- [DATA]:
------------------------------

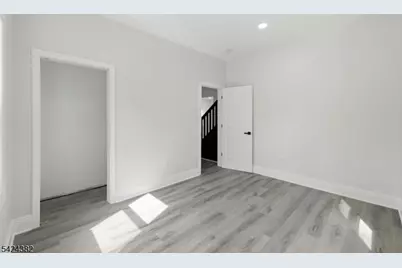 31 Saint Moritz Pl, Wayne, NJ 07470 - Photo 25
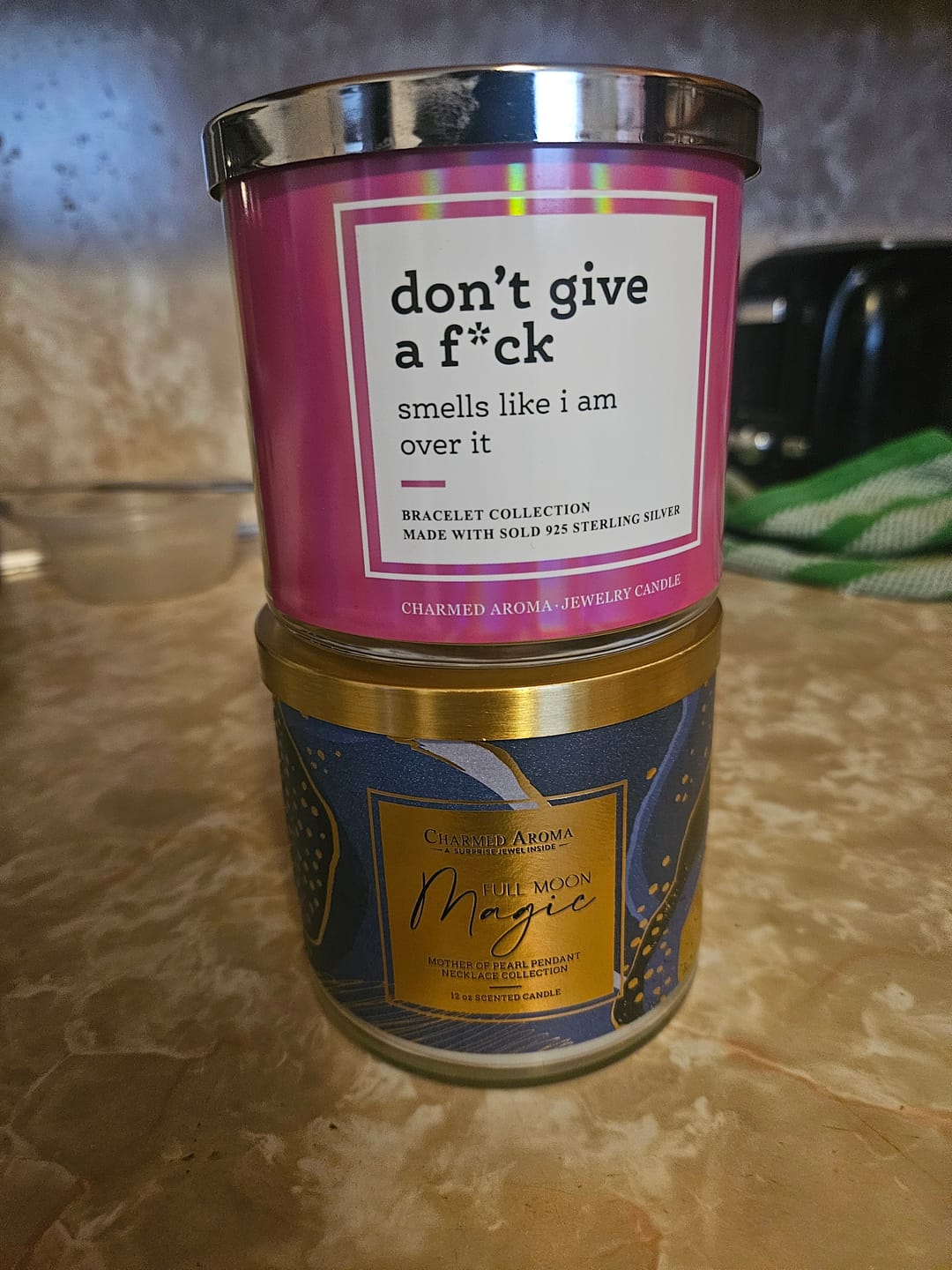 Customer photo review of Surprise Jewelry Candle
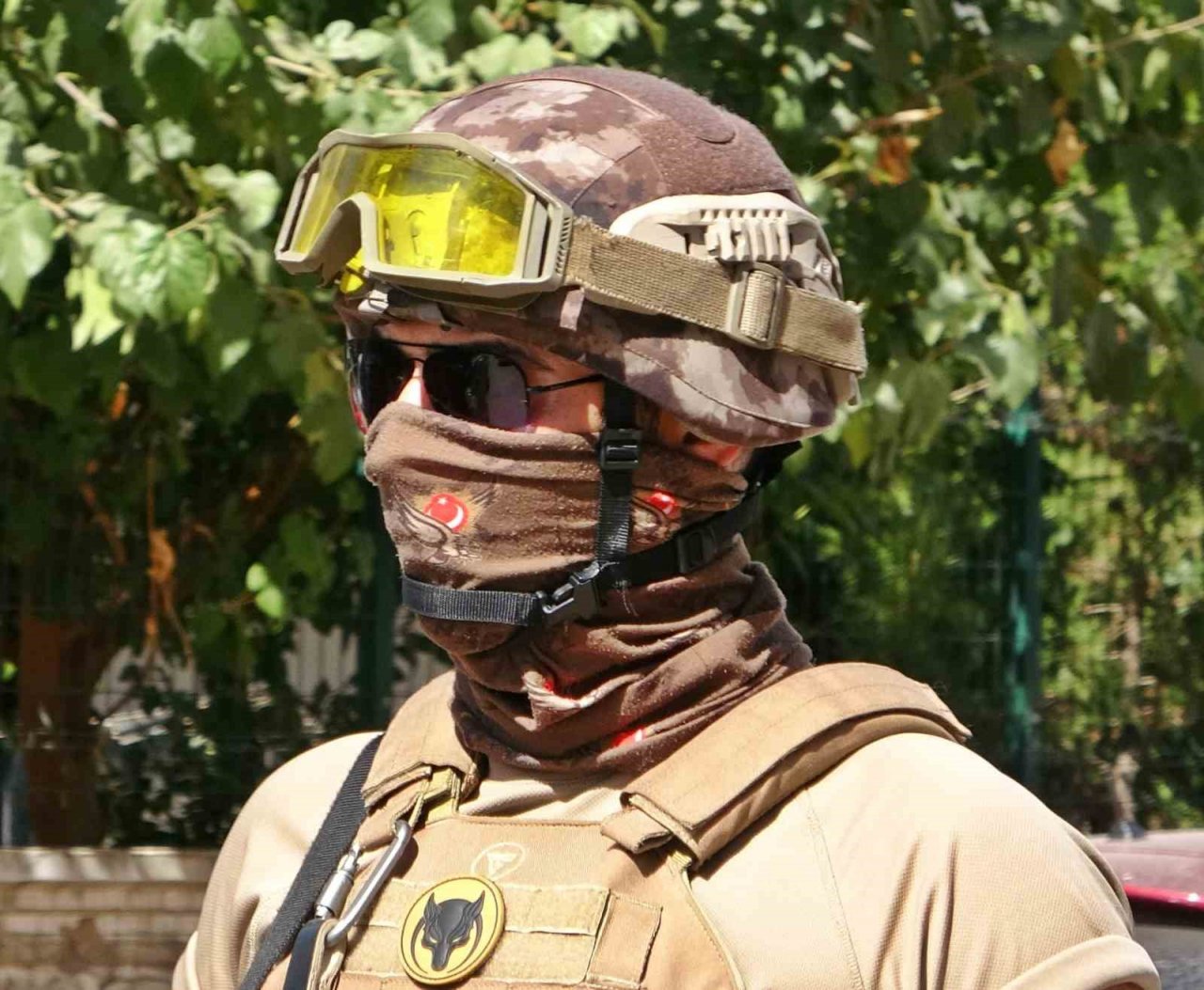 Kapılar koçbaşıyla kırıldı, evlerinden çöp atmaya çıkanlar dahi didik didik arandı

------------------------------

- [TASK]: With the pictures set aside, return each line of the listing exactly as given.

- [ANSWER TO THE EXERCISE]:
 31 Saint Moritz Pl, Wayne, NJ 07470 - Photo 25
 Customer photo review of Surprise Jewelry Candle
 Kapılar koçbaşıyla kırıldı, evlerinden çöp atmaya çıkanlar dahi didik didik arandı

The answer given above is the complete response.